Ernest Hemingway à la cantine Taco Bell

L’enseigne sur le devant dit «live más» et je vis comme l’indique l’enseigne. En toutes saisons, il ouvre à 11 heures. Il s’appelle le “Taco Bell Cantina” mais les villageois l’appellent “La Cantina” ou simplement “Taco Bell”. Je l’appelle «la Cantina», mais je l’ai parfois appelée «la Campana», ce qui signifie seulement «la cloche», mais la plupart me comprennent quand je dis «le Taco Bell où vous pouvez y trouver de l’alcool». Pendant la guerre, les Taco Bells ne servaient que de la nourriture et des sodas et étaient allumés comme des hôpitaux. Maintenant, ils servent de l’alcool et sont allumés comme des discothèques.

Je commande et m’assois dans ma chaise habituelle qui est de la couleur des roses brûlées. J’affiche ma pancarte et je retourne devant le restaurant. Je pousse la fille qui prend les commandes vers la machine à margarita surgelée. Avant, les cuisiniers me disaient de ne pas grimper sur le comptoir, mais maintenant ils me laissent car j’ai de larges épaules et de belles jambes. Ils comprennent que la justice dans la cantina est une fonction de force et de courage et non une fonction de lois et de tribunaux. J’ai aussi une arme à feu.

Il n’y a pas de sensation comparable à l’excitation de boire directement à la machine à margarita surgelée. C’est le sang de la cantina. Une fois consommé, il ressemble à un serpent froid qui est également chaud. Les clients qui attendent en ligne ont l’air confus et inquiets car ils sont trop timides pour grimper sur le comptoir et sucer la machine, mais je n’ai jamais été timide. La douceur de la boisson pique mes lèvres et les colore bordeaux. Après cinq coups du distributeur, la brume de sobriété disparaît et je ne vois que la vérité. Je vois la peau des croquants aux haricots noirs comme des éléphants bronzés.
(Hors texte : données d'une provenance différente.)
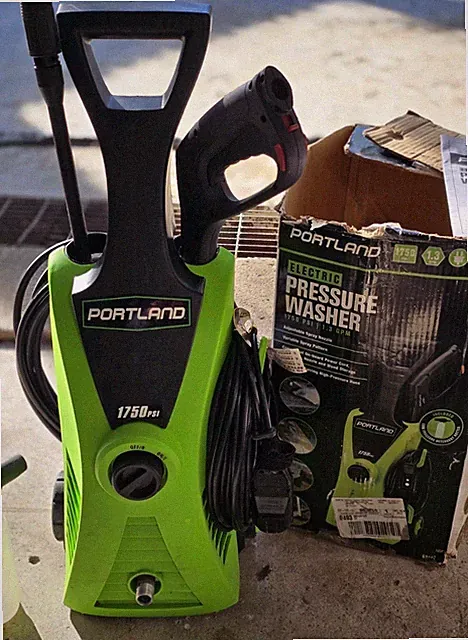 PORTLAND ~ 1750 PSI Electric Power Washer w/ Hose & Gun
La chaleur de la liqueur se répand dans mes jambes et à travers mes organes fatigués. Je suis de nouveau à la maison mais je sais que je ne pourrai jamais vraiment être à la maison parce que la maison est un endroit où les enfants vivent et jouent et je suis trop vieux et trop fatigué pour être à la place des enfants, alors je retourne à ma chaise («The Children’s Place» est aussi un magasin dans lequel je ne suis plus autorisé). Le grand homme est assis dans ma chaise rose brûlée et demande si les commandes sont passées au comptoir. J’attrape sa chemise en coton et le frappe sans pitié avec mon poing droit. Le sang coule ses narines comme un nouveau paquet de sauce «Fire». Parfois, les sachets de sauce comportent des phrases qui me font sourire mais pas rire. Il n’y a pas d’ironie dans la façon dont j’ai battu le grand homme. Il comprend maintenant qu’il n’y a pas de serveurs dans la cantina et je suis sûr qu’il n’oubliera pas. J’allume ma pipe et je pense aux taureaux. La serveuse enjambe le grand homme et m’apporte ma commande. Ses yeux me racontent une histoire de peur et elle devrait avoir peur car la mort est une certitude qui existe même à l’intérieur de la cantina, même à côté du potatorito costaud. Dans les Mcdonalds, je suis transactionnel. Dans le Burger King, je viens pour les bâtonnets de pain grillé et rien d’autre. Le Wendys est pour les Orientaux et les baptêmes. Le Taco Bell Cantina reflète mon essence. Bien que les sols soient propres et que le décor soit à la mode, la moisissure pousse toujours dans les engrenages de la machine à margarita et je le sais parce que je l’ai goûtée.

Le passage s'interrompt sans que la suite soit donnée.